Segmentation-based methods have achieved great success for arbitrary shape text detection. However, separating neighboring text instances is still one of the most challenging problems due to the complexity of texts in scene images. In this paper, we propose an innovative Kernel Proposal Network (dubbed KPN) for arbitrary shape text detection. The proposed KPN can separate neighboring text instances by classifying different texts into instance-independent feature maps, meanwhile avoiding the complex aggregation process existing in segmentation-based arbitrary shape text detection methods. To be concrete, our KPN will predict a Gaussian center map for each text image, which will be used to extract a series of candidate kernel proposals (i.e., dynamic convolution kernel) from the embedding feature maps according to their corresponding keypoint positions. To enforce the independence between kernel proposals, we propose a novel orthogonal learning loss (OLL) via orthogonal constraints. Specifically, our kernel proposals contain important self-information learned by network and location information by position embedding. Finally, kernel proposals will individually convolve all embedding feature maps for generating individual embedded maps of text instances. In this way, our KPN can effectively separate neighboring text instances and improve the robustness against unclear boundaries. To our knowledge, our work is the first to introduce the dynamic convolution kernel strategy to efficiently and effectively tackle the adhesion problem of neighboring text instances in text detection. Experimental results on challenging datasets verify the impressive performance and efficiency of our method. The code and model are available at https://github.com/GXYM/KPN.

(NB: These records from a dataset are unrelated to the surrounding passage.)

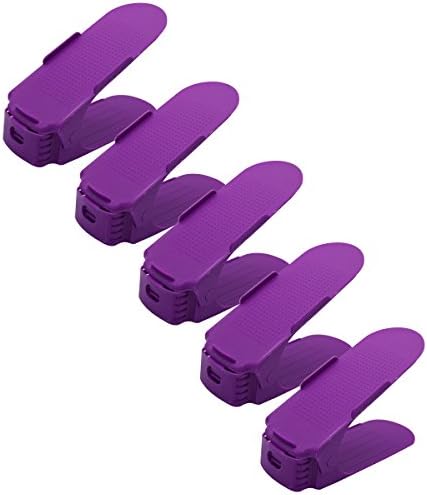5 Pieces Shoe Slots 3 Step Adjustable Space Saver Organizer, Premium Shoes Slots Holder, Double Layer Storage Rack Holder Closet Organizer Space Saver Double Layer Hanger (Purple)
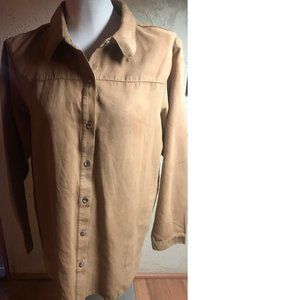 Joan Rivers Tan Mole Skin Button Down Shirt Size L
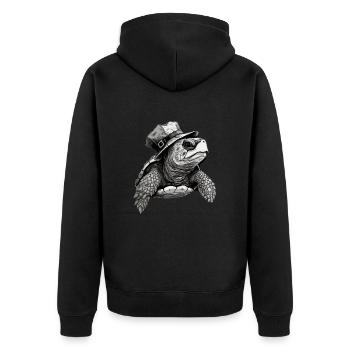 Kapitän Schildkröte - Unisex Premium Bio Zip Hoodie - Schwarz - Hinten - Nico (187cm)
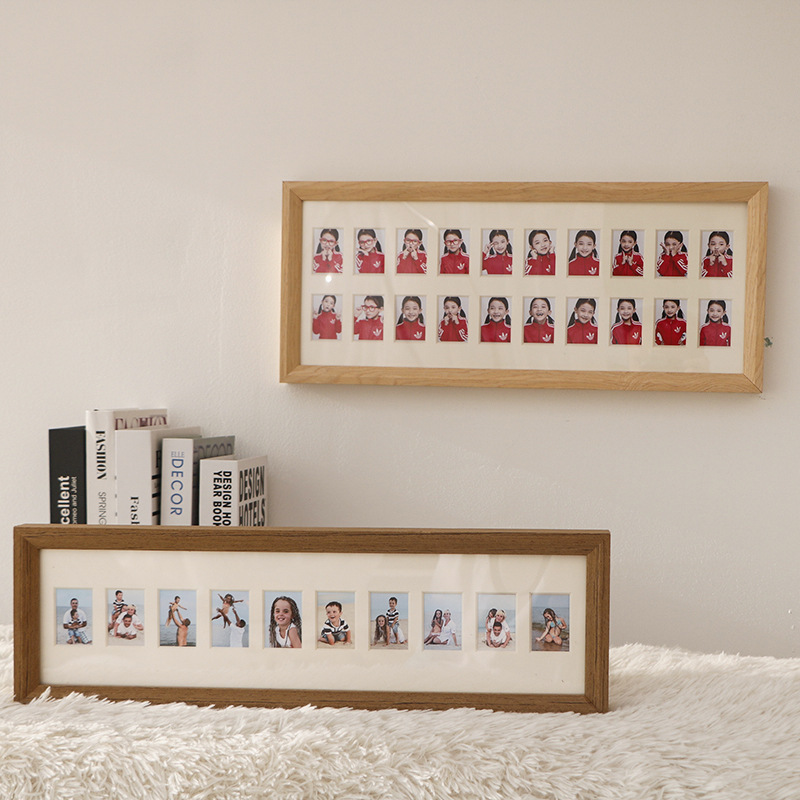 Factory wholesale baby registration photo creative table photo frame inch photo infant one-year-old commemorative frame solid wood photo wall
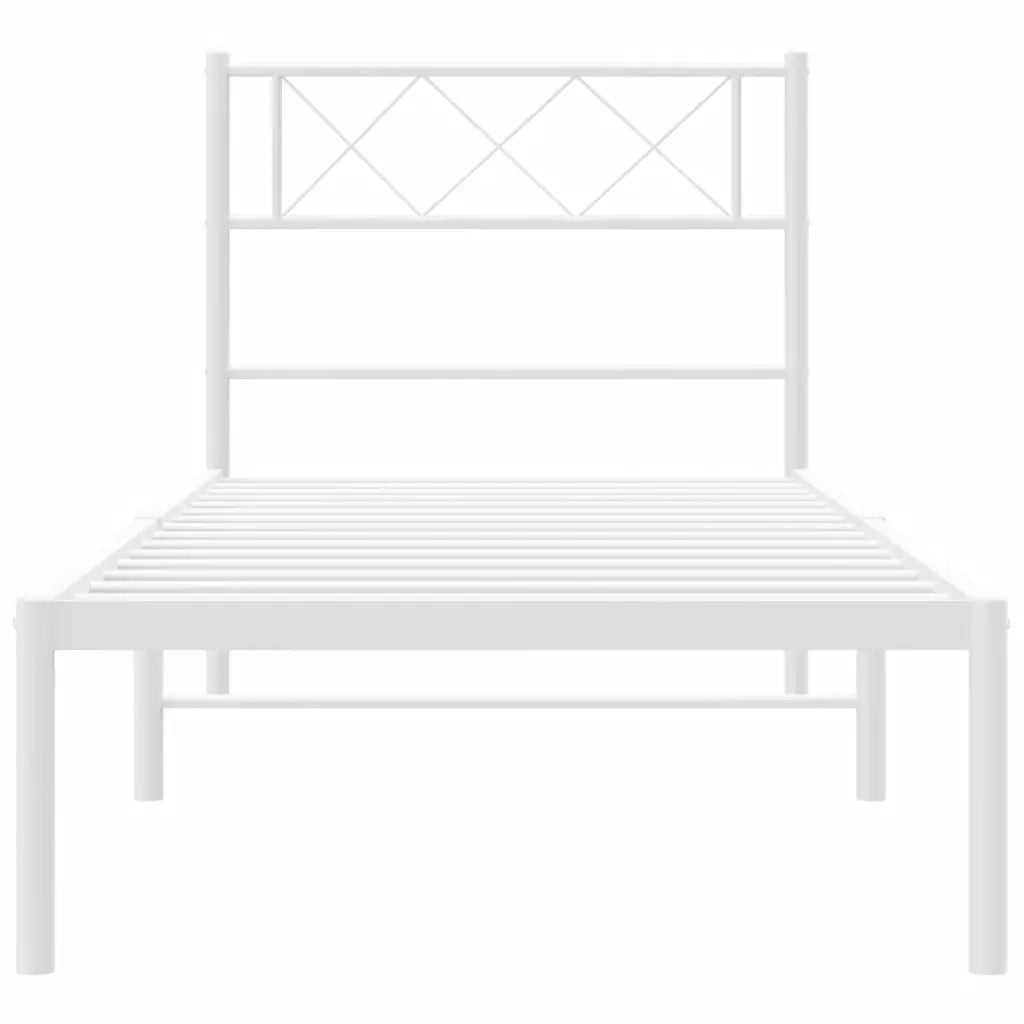 Giroletto con Testiera Metallo Bianco 90x190 cm 372318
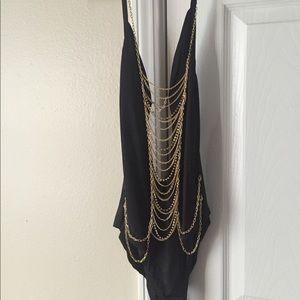 Beach Bunny Black One-Piece Swimsuit with Gold Chain Accents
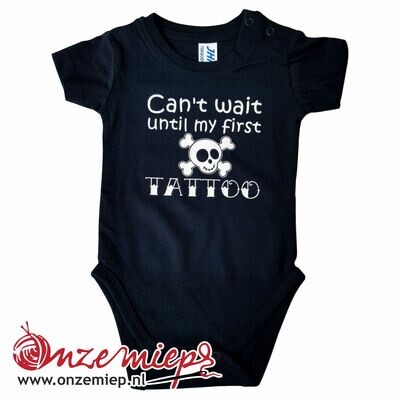 Zwarte romper met &quot;Can&#39;t wait until my first tattoo&quot;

翻译：基于分割的方法在任意形状文本检测中取得了巨大成功。然而，由于场景图像中文本的复杂性，分离相邻文本实例仍是最具挑战性的问题之一。本文提出了一种创新的核建议网络（称为KPN）用于任意形状文本检测。所提出的KPN能够通过将不同文本分类为实例无关的特征图来分离相邻文本实例，同时避免了现有基于分割的任意形状文本检测方法中复杂的聚合过程。具体而言，我们的KPN将为每个文本图像预测一个高斯中心图，该图用于从嵌入特征图中根据其对应关键点位置提取一系列候选核建议（即动态卷积核）。为增强核建议之间的独立性，我们通过正交约束提出了一种新颖的正交学习损失（OLL）。具体地，我们的核建议包含网络学习得到的重要自信息和通过位置嵌入获得的位置信息。最后，核建议将分别与所有嵌入特征图进行卷积，以生成文本实例的独立嵌入图。通过这种方式，我们的KPN能够有效分离相邻文本实例，并提高对模糊边界的鲁棒性。据我们所知，本文首次引入动态卷积核策略，高效且有效地解决了文本检测中相邻文本实例的粘连问题。在具有挑战性的数据集上的实验结果验证了所提方法的显著性能和效率。代码和模型已开源至https://github.com/GXYM/KPN。